Fizzbang Registered Posts: 11 Regular contributor ⭐ 😼 ⭐
I might have an opportunity of becoming an AAT tutor, I have been asked what levels I am able to teach.
I am a full member with no further quals, am I able to teach levels 2, 3 & 4, or just 2 & 3?

I would be grateful if someone could advise me on this.

Many thanks


  • Jo Clark
    Jo Clark Registered Posts: 2,525
    What an exciting opportunity :o

    Is this at a local college/adult ed?

    I'm not sure what the answer is. I guess you could teach all levels if you feel confident enough. Has the prospective employer not told you what qualifications/experience they require you to have? You may want to consider studying PTLLS to help with class planning etc.

    Good luck.

    JC :o
    ~ An investment in knowledge always pays the best interest ~
    Benjamin Franklin
  • Fizzbang
    Fizzbang Registered Posts: 11 Regular contributor ⭐ 😼 ⭐
    Very exciting!

    Yes it is at a local college, they asked me if I could teach all levels so I am bit confused. Dont ask me why but I am under the impression that you need to be qualified one level above to what you can teach. For instance AAT qual can teach to level 3, CIMA/ACCA or other you can teach level 4 but not 100% sure.
  • Nps
    Nps Registered Posts: 782
    I would assume you'd need a teaching qualification (PGCE or PTLLS). Knowing a subject and having the skills to teach it are 2 completely different things. I have a low level teaching qualification (not even sure if it's recognised outside of my previous employment) but quite often, tutors have no prior knowledge of the subjects they teach (ie. given a new policy, computer system, Act of Parliament etc, and told to read it, digest it and then teach a class about it the following day).
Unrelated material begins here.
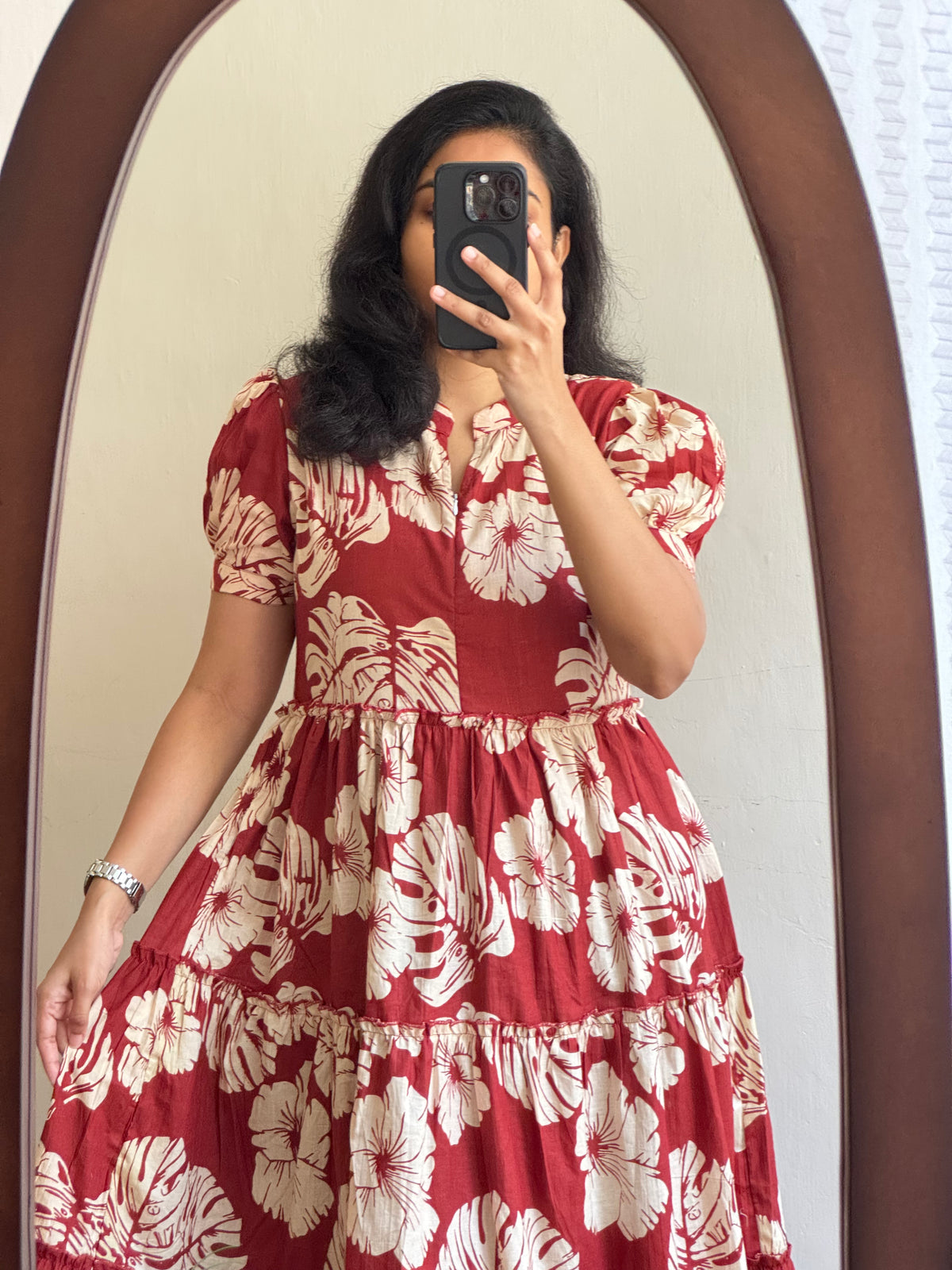 Red & White Floral Printed Anarkali Kurti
    Without any formal teaching qualifications, you'd have no knowledge of the scientifically proven different ways that people learn, the psychology of learning, how to assess progress, class planning etc etc. It's really not as simple as just passing on your own knowledge, the actual teaching is a whole subject in itself.

    I'm imagining that if I was a student, and had paid money for a course, I'd be a bit miffed if I found out that the tutor had no teaching qualifications unless it was clear that they were a naturally gifted teacher.
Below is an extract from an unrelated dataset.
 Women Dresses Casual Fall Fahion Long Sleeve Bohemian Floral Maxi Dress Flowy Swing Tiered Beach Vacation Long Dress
    I've looked into the PTLLS course myself, and the courses are fairly short and not that expensive in the whole scheme of things.
  • Fizzbang
    Fizzbang Registered Posts: 11 Regular contributor ⭐ 😼 ⭐
    Thank you Nps1976 for your reply,

    I am fully aware that teaching qualifications are needed and these will be on my to do list as these qualifications require teaching hours, so I wouldn't be able to pass these before hand!

    I can do better than imagine! I have been a student, paid money for a course and was more than a bit miffed to find out that the tutor had no subject qualification and real life experiences to share but had teaching qualification instead just reading from a book/powerpoint presentation, I could have done that at home for free!

    I on the other hand have been a full member since 2006 and have 12 year real life experiences under my belt ranging from bookkeeping to management accounts!

    I would also like to point out that I have tutored level 2 for a short period of time, I also had Ofsted sit in on one of my lessons and I received very good feedback on my course planning and the delivery of the lesson engaging all students (and I had a mixed bag of learners too).
  • wabisabi
    wabisabi Registered Posts: 130 💫 🐯 💫
    Hi Fizzbang

    I don't know if it's of any help, but I work in a large FE college, and it's very common for someone with substantial industry experience to be given a contract on condition that they work towards their teaching qualification while in post.

    You don't need any teaching hours for PTLLS - you do three 'microteaches' to classmates over about 12 weeks. I think you need 30 or 40 hours for CTLLS but you would easily make these up if you were in a teaching post.

    Where I work the contracts tend to be part-time and / or temporary to start with. FE is no bed of roses, largely due to the changing educational environment and workload, but I think it could be very rewarding.